Sanity Embeddings semantic search in Next.js is one of those features that looks complicated from the outside but is surprisingly lean to wire up once you understand the moving parts. This post covers the current native Embeddings feature built into Sanity datasets — not the older Embeddings Index API, which Sanity is sunsetting. If you found a guide that talks about a separate embeddings-index resource you have to provision via the Management API, it is stale; skip it.
What Sanity Embeddings actually is
Sanity's native Embeddings feature lets you mark document types for vector indexing directly inside your dataset.

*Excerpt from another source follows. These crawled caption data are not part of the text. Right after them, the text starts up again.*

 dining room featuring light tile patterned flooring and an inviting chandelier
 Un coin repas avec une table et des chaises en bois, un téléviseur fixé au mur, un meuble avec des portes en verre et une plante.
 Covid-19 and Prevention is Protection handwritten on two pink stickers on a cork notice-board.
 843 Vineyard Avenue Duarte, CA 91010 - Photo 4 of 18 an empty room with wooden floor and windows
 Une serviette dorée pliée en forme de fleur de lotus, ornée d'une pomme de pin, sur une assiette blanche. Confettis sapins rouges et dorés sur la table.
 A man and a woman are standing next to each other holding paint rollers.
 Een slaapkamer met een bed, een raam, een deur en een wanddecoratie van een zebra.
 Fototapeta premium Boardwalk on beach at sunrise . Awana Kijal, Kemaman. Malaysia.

Sanity handles the embedding model and the vector store; you never manage a separate service. Queries use a dedicated sanity.embeddings.query GROQ function that takes a natural-language string and returns documents ranked by semantic similarity. The feature is available on Growth and Enterprise plans as of mid-2026.
The workflow has three parts:
- Configure which document types get indexed (dataset setting or the Embeddings pane in Sanity Studio).

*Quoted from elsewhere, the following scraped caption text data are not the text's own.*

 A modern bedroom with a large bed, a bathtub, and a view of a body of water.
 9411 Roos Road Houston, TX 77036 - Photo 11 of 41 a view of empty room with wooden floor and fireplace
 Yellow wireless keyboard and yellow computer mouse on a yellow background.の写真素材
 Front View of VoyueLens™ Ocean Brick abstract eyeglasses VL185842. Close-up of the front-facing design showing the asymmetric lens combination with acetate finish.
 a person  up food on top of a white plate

- Run a semantic query from your Next.js route handler using the Sanity client.
- Render the results in a search UI component.

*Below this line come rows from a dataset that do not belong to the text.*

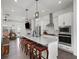 Bright kitchen features an eat-in island with modern appliances and is open to the living area at 4068 Allegretto Se Cir # 10, Atlanta, GA 30339
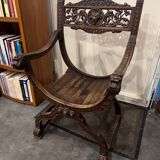 Curule Dagobert armchair in walnut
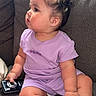 adidas, baby, barefoot, camera, casual, child, chubby, couch, curly_hair, cute, earrings, furniture, gray_couch, indoor, person, purple_clothing, side_profile, sitting, sunlight, toddler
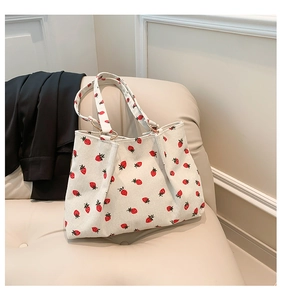 Detail of white corduroy tote bag with strawberry prints and metal ring buckle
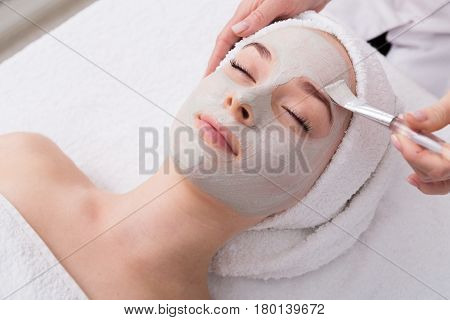 Face peeling mask, spa beauty treatment, skincare. Woman getting facial care by beautician at spa salon, side view, close-up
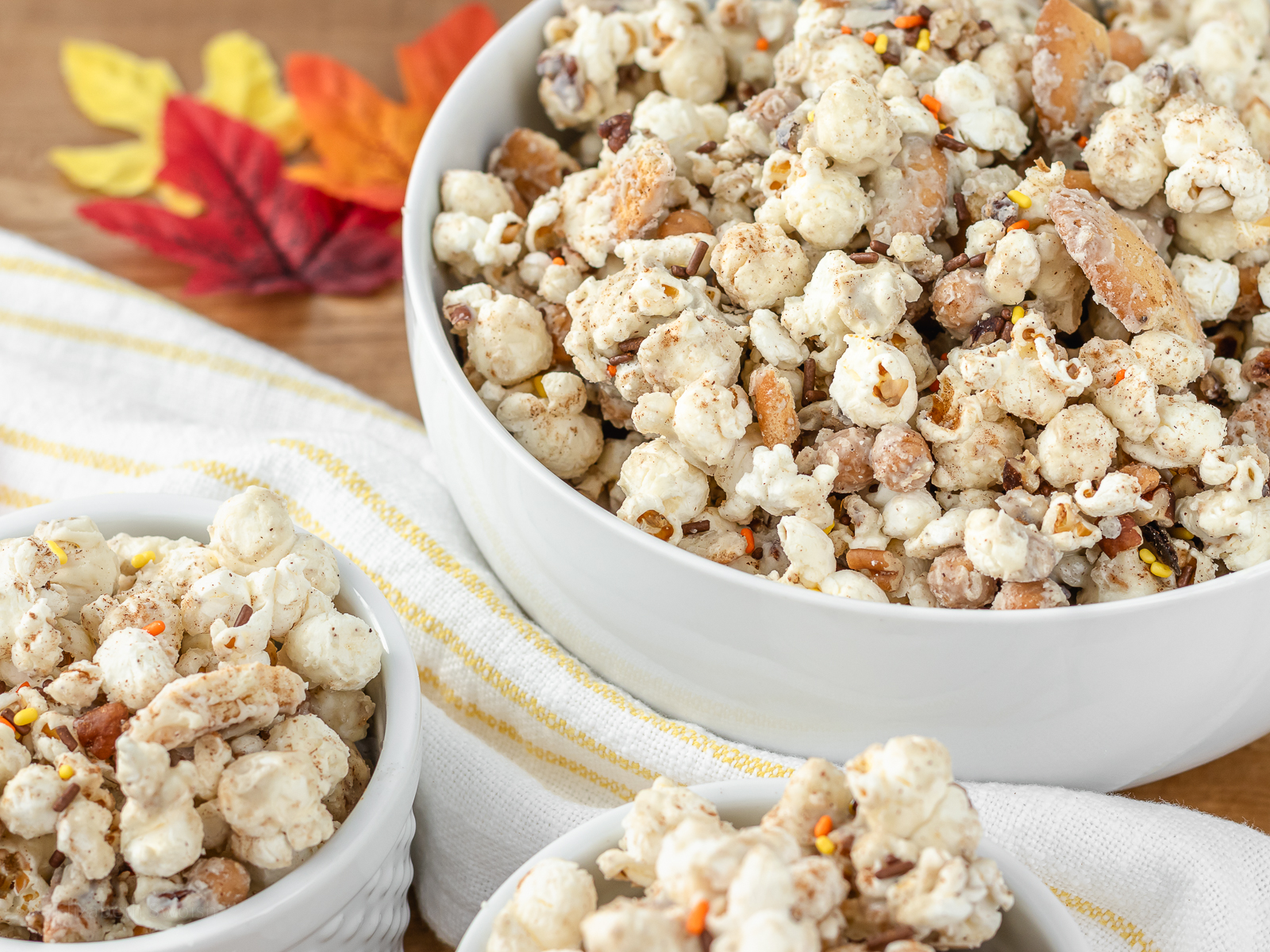 Close up of popcorn to see white chocolate pumpkin spice coated popcorn, caramel bits, and vanilla wafer cookies with sprinkles and pecans on top.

Setting up the embeddings index in your dataset
Go to Manage → your project → Embeddings (or open the Embeddings pane inside Sanity Studio if your plan surfaces it there). Create an index, give it a name (e.g. site_search), and select which document types and fields to embed. For a blog you would typically pick post with fields title, excerpt, and body (plain text extracted from Portable Text).
Sanity backfills existing documents automatically. New and updated documents are re-embedded on publish via an internal webhook — you do not configure that yourself.
There is no code required for the indexing step. The index name you choose here (site_search) is what you will pass in the GROQ query.
Querying embeddings from a Next.js route handler
Create a route handler that accepts a search term, fires the semantic query against Sanity, and returns JSON. Using a server-side route handler keeps your Sanity read token out of the browser.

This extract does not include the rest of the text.